* Material for this task

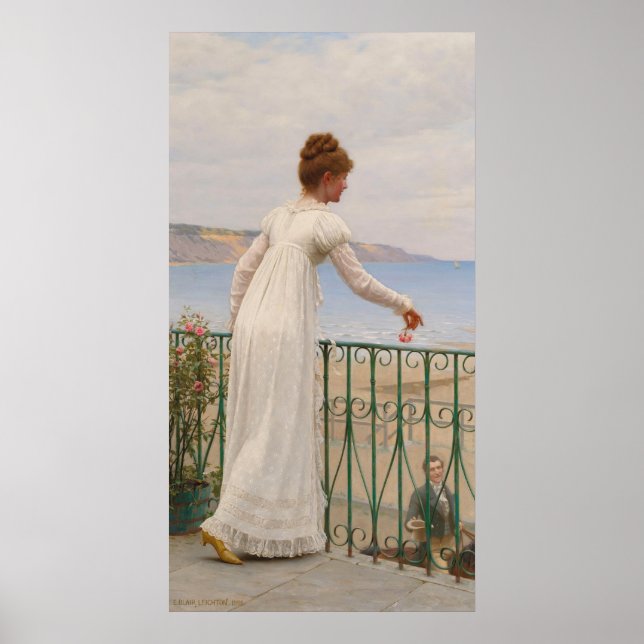 A Favour - Edmund Blair Leighton Poster (Front)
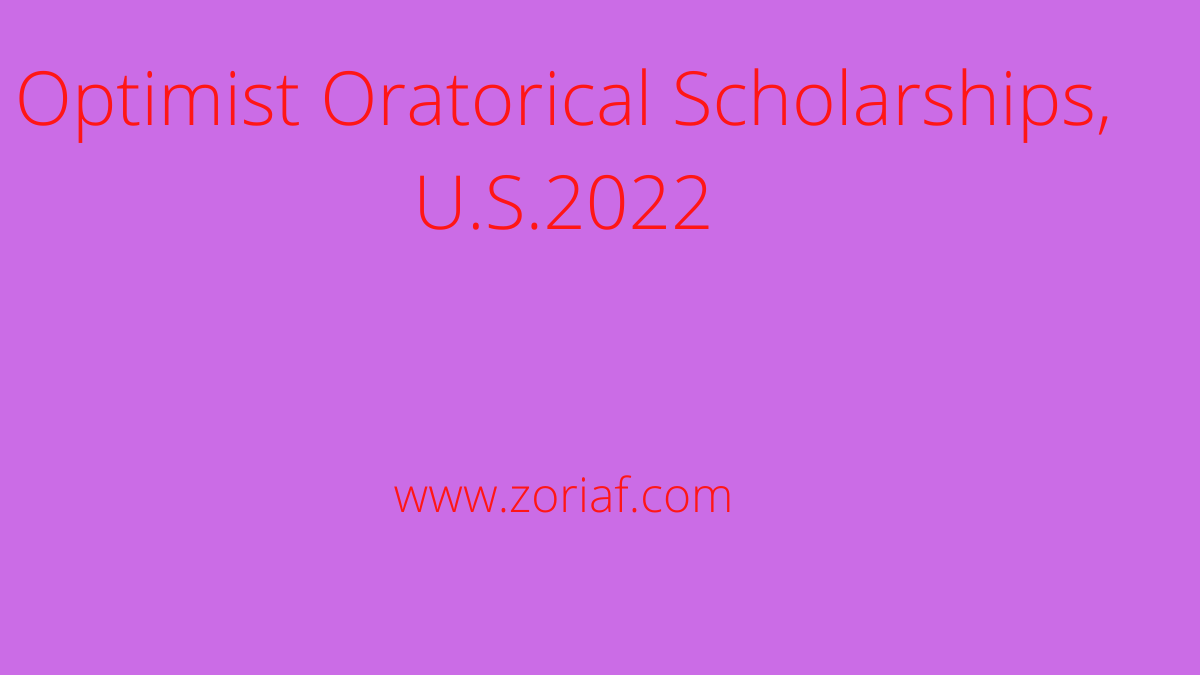 Optimist Oratorical Scholarships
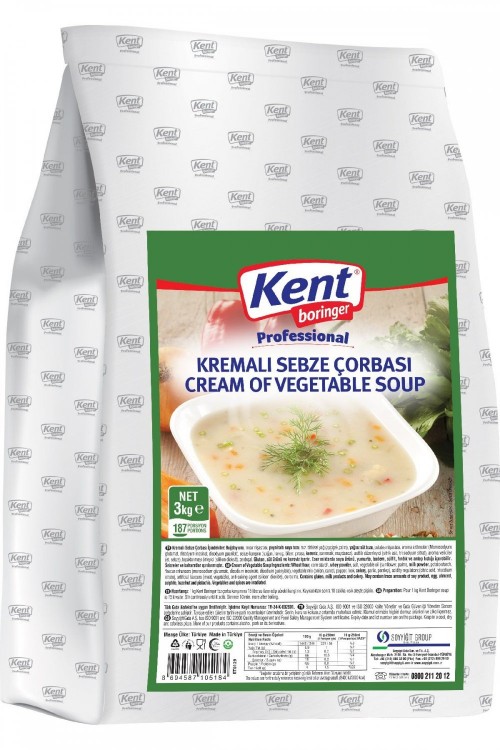 K.BORİNGER 3 KG VEGETABLES SOUP WITH CREAM *4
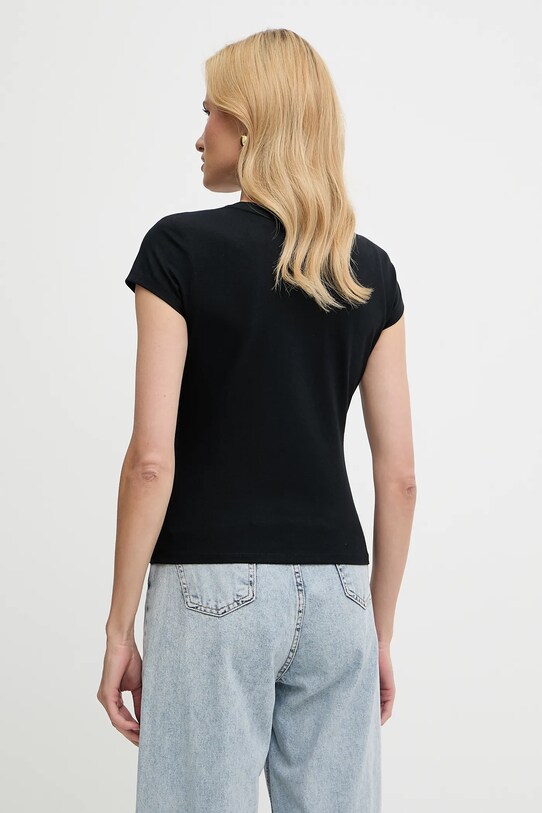 Odzież Guess t-shirt W5YI30.K49A1 czarny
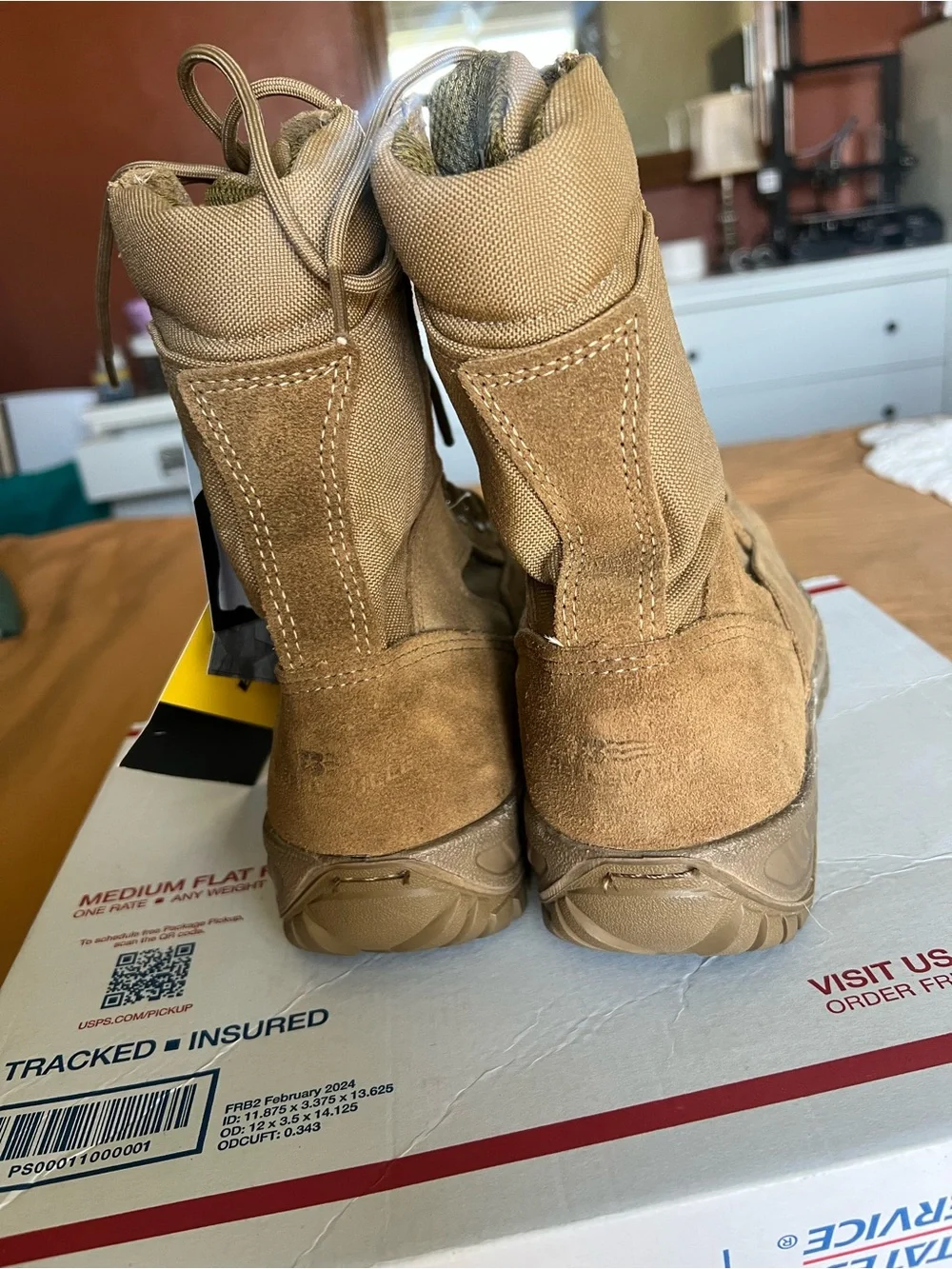 Belleville C312ST Boots Mens Size 6.5R Coyote Steel Toe Hot Weather Combat NWT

* What you are asked to do
In the records above, find the line containing "K.BORİNGER 3 KG". Reproduce it and every line after it through the last line, omitting pictures.

* Answer to this exercise
 K.BORİNGER 3 KG VEGETABLES SOUP WITH CREAM *4
 Odzież Guess t-shirt W5YI30.K49A1 czarny
 Belleville C312ST Boots Mens Size 6.5R Coyote Steel Toe Hot Weather Combat NWT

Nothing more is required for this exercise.